Fortnite itself was originally a base-building PVE zombie game that Epic cranked out a battle royale mode for in a couple of months after seeing that PUBG (which at the time was a janky, unpolished and presumably cheap-to-develop standalone version of an ARMA mod) was a huge success. Then after it's out, Epic restructures behind it as a cash cow, makes it into a modding platform, uses it to improve Unreal Engine, etc.

Minecraft was a little solo project in Java - now 350m copies sold. It didn't start off as a platform for other games, available on every console with cutting edge graphics and $100m in marketing spend behind it.

Ark sold 80 million copies. It was an Early Access game on Steam by a team of 35, then it took off and they ported it to everything.
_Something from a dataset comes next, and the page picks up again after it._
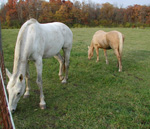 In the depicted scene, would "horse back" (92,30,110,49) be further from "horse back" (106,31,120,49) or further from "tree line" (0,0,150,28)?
"tree line" (0,0,150,28)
Battle Royale's been done and been a huge hit for PUBG (2017), then Fortnite, then Warzone. I think it's about time that people would be getting sick of it, same as open world survival crafting games were the big thing (Minecraft, DayZ, Ark) and MMOs. Next Battlefield is $400m, all those other big hits were probably more in the $100k-$1m range. Maybe it would be better to make a bunch of $1m-$10m range games, see which one is a hit, then move resources behind it. I imagine changing the structure of a big business like EA to be able to make a move like that would be a very, very difficult undertaking though.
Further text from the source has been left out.